Image courtesy of BraNewbs @ Flickr

Learning From Izzy – We’ve All Been Passionate Once…

By Chris Nash, Director & Senior Mentorship Coach, Lighthouse International 

How many people have you interacted with who you can say are genuinely passionate? Who is alive with a sense of creative possibility for life, or even just one aspect of it?

Wherever they are now, everyone that you have seen or met today used to be passionate at one point in their lives, even it was only when they were 4-years-old when every day was a phenomenal adventure!
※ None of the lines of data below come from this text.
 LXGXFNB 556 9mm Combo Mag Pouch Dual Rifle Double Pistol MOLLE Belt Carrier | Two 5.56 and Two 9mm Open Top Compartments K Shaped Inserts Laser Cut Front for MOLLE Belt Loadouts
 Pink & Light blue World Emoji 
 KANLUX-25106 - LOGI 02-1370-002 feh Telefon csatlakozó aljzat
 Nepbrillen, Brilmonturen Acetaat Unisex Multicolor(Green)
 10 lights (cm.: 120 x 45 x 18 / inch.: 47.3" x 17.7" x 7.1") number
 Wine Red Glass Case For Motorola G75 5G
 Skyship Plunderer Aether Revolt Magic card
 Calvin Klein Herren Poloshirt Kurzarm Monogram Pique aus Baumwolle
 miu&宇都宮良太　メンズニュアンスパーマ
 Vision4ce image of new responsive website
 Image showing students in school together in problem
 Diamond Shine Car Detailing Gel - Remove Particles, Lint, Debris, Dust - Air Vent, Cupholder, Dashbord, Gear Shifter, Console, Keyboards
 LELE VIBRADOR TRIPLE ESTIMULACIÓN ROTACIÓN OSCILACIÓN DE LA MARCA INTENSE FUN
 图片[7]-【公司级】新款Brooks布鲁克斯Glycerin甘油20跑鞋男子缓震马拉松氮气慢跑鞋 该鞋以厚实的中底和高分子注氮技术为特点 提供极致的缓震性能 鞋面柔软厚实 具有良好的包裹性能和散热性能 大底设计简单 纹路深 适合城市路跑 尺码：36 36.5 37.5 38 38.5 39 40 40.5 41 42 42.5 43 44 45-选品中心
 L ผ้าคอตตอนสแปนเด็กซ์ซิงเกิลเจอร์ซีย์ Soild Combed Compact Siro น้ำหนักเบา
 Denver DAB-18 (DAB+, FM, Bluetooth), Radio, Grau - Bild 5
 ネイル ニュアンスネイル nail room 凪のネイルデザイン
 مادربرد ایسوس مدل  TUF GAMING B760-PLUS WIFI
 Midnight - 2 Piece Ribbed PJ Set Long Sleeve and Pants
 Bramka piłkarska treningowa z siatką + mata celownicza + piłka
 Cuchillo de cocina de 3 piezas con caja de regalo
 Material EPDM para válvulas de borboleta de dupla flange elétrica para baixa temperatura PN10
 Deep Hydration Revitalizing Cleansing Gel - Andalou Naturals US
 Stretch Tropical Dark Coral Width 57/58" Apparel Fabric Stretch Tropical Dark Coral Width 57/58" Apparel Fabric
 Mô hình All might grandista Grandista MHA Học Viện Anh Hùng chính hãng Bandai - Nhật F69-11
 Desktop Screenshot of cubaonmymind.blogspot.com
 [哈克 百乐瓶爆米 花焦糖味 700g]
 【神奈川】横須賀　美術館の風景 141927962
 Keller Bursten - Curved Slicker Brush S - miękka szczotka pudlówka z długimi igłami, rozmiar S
So no matter how you feel today or how anyone else does, we should never lose touch with this. We speak about the ‘exuberance of youth’ as if it’s something that gets taken away from us at a certain date, but the reality is that it needs constant nurture, encouragement and care. It needs to be treasured and encouraged, otherwise it gets lost in the haze of other people’s expectations and judgements.

When I first met Izzy she struck me as one of the most enthusiastic as well as nervous people I’d ever met all rolled into one! It is really lovely to see her reacquainting herself with that part of her that was suppressed for fear of it not being acceptable to someone else, and through all of that she became unacceptable to herself! I certainly know that one well…

So for me the biggest opportunity here is to really challenge ourselves with questions like…

1. What kind of life are you leading?
(Are you driven by meaning and purpose or does it feel like you’re stuck in a bit of a rut?)

2. How do you feel every day?
(Happy? Down? Like you’re going through the motions?)

3. How would you like to feel?
(Passionate? Excited? Joyful?)

4. What have you lost touch with?
(That excitement and adventure for life? That passion you used to have at school or university?)

No story you sell yourself about why you are where you are will ever be able to cover up your soul’s yearning to be everything you have the potential to be….

What passion are you yearning to rediscover in your own life?